● What you have to do
Copy the lines exactly as they appear, starting with the first line of the records and ending with the line that contains "Trip computer, heated".

-------- Material for the task

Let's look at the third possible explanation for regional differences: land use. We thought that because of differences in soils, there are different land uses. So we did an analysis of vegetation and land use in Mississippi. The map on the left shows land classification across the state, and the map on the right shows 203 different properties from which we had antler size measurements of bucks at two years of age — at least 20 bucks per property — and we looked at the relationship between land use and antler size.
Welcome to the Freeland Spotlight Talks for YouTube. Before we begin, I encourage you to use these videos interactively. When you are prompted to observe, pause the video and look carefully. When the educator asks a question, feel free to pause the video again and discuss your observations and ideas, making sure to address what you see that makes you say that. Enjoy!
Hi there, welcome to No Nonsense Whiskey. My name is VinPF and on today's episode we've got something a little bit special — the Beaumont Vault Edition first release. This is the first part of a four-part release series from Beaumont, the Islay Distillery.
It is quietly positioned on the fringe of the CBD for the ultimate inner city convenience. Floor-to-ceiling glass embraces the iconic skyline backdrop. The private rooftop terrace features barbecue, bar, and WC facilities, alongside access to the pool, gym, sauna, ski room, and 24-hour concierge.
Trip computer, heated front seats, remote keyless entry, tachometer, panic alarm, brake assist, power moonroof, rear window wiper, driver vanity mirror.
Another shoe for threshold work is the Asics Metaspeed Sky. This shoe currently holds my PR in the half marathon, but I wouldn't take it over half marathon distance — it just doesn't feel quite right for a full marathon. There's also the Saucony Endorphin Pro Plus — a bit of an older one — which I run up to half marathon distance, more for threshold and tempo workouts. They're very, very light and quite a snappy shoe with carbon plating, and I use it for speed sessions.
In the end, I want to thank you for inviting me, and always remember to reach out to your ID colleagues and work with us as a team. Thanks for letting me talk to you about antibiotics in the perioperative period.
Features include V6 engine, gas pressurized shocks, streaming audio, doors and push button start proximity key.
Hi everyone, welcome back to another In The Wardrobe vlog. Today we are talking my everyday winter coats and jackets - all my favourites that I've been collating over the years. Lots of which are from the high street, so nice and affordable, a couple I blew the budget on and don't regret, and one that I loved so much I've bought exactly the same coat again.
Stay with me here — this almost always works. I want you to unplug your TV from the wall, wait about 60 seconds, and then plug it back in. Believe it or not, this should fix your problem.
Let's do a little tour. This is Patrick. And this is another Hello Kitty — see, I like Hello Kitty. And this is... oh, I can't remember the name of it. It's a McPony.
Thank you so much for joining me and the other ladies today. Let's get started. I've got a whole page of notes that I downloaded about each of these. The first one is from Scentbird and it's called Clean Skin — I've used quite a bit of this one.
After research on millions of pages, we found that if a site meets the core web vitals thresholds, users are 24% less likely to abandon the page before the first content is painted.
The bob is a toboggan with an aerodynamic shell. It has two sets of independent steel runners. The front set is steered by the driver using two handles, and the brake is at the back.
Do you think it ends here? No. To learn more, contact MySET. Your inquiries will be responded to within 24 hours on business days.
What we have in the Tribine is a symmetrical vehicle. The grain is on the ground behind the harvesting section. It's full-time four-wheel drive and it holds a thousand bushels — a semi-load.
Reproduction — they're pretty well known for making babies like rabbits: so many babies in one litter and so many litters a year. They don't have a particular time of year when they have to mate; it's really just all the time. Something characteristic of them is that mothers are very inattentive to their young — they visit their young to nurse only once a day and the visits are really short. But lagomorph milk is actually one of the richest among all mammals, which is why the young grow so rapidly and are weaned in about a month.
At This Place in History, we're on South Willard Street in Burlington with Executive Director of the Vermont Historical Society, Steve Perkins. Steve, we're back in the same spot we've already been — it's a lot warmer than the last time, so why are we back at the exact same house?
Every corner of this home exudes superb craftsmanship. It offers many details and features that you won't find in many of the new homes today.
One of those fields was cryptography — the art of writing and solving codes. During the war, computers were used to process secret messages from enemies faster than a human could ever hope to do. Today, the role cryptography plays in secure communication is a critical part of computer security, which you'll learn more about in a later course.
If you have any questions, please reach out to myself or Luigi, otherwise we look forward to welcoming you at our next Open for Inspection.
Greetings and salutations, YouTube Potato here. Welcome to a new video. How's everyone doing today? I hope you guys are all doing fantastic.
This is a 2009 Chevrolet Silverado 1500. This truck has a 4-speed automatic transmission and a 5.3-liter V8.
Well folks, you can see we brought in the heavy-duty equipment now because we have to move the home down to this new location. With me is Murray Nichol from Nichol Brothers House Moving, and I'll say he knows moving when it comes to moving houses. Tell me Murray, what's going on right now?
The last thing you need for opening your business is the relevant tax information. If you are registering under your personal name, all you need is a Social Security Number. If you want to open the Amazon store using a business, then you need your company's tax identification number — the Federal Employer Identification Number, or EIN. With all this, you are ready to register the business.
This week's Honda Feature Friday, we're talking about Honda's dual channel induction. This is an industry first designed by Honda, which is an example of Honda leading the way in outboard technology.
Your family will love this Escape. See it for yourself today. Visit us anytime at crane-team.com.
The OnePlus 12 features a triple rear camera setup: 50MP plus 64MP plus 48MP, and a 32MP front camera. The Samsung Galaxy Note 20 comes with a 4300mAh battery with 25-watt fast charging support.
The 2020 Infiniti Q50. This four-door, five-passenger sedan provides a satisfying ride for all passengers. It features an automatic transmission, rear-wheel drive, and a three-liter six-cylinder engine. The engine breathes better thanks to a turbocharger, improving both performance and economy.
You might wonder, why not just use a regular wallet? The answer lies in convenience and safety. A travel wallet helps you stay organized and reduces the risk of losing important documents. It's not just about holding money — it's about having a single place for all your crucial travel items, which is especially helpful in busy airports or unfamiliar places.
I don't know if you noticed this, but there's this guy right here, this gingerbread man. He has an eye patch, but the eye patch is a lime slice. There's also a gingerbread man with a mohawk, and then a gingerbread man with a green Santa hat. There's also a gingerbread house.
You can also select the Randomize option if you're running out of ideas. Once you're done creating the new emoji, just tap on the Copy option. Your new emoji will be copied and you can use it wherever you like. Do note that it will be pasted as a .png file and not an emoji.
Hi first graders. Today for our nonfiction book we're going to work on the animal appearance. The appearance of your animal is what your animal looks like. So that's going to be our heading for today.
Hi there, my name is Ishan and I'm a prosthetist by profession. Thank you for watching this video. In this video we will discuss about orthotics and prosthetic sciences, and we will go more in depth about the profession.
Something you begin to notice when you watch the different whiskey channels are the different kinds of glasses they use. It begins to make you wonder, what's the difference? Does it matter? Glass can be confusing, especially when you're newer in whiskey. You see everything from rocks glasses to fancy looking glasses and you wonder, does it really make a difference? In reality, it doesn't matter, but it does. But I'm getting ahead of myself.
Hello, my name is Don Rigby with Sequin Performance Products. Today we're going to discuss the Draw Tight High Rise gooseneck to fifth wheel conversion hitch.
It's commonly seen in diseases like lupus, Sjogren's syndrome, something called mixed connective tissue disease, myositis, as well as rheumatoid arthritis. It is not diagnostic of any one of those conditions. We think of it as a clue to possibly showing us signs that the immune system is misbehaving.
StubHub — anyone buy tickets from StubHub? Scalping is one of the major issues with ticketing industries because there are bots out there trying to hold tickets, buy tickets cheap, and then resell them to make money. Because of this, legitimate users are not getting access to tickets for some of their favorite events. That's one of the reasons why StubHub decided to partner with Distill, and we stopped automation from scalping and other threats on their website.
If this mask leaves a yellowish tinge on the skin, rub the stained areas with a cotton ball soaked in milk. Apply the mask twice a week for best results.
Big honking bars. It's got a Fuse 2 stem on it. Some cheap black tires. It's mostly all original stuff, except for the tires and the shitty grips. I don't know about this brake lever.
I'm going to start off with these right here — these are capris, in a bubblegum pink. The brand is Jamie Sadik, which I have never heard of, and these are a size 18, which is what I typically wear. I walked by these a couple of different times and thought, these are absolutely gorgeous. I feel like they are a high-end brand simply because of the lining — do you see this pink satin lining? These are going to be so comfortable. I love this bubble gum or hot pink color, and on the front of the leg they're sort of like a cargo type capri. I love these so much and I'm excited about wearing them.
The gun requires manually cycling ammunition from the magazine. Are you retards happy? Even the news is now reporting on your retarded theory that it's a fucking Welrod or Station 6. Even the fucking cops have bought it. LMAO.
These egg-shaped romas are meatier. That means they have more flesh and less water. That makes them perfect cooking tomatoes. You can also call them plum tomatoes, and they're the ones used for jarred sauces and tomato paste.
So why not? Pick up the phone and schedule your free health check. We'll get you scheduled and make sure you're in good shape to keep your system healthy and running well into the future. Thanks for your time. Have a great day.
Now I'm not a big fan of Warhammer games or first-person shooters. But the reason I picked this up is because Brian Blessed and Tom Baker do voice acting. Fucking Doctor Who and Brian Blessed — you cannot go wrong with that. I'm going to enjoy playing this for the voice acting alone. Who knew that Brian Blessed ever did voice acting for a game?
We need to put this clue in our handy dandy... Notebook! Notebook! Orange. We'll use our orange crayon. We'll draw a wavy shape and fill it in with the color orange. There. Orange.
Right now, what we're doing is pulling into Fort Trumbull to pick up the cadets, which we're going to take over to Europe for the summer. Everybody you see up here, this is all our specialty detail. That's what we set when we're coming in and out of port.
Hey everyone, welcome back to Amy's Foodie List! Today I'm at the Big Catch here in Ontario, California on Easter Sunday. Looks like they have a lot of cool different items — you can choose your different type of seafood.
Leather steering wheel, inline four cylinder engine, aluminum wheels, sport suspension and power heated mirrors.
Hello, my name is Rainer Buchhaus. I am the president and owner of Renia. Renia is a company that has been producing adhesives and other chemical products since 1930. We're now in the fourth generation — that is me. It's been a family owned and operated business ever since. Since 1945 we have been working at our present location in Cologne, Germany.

----------------

● Output
Let's look at the third possible explanation for regional differences: land use. We thought that because of differences in soils, there are different land uses. So we did an analysis of vegetation and land use in Mississippi. The map on the left shows land classification across the state, and the map on the right shows 203 different properties from which we had antler size measurements of bucks at two years of age — at least 20 bucks per property — and we looked at the relationship between land use and antler size.
Welcome to the Freeland Spotlight Talks for YouTube. Before we begin, I encourage you to use these videos interactively. When you are prompted to observe, pause the video and look carefully. When the educator asks a question, feel free to pause the video again and discuss your observations and ideas, making sure to address what you see that makes you say that. Enjoy!
Hi there, welcome to No Nonsense Whiskey. My name is VinPF and on today's episode we've got something a little bit special — the Beaumont Vault Edition first release. This is the first part of a four-part release series from Beaumont, the Islay Distillery.
It is quietly positioned on the fringe of the CBD for the ultimate inner city convenience. Floor-to-ceiling glass embraces the iconic skyline backdrop. The private rooftop terrace features barbecue, bar, and WC facilities, alongside access to the pool, gym, sauna, ski room, and 24-hour concierge.
Trip computer, heated front seats, remote keyless entry, tachometer, panic alarm, brake assist, power moonroof, rear window wiper, driver vanity mirror.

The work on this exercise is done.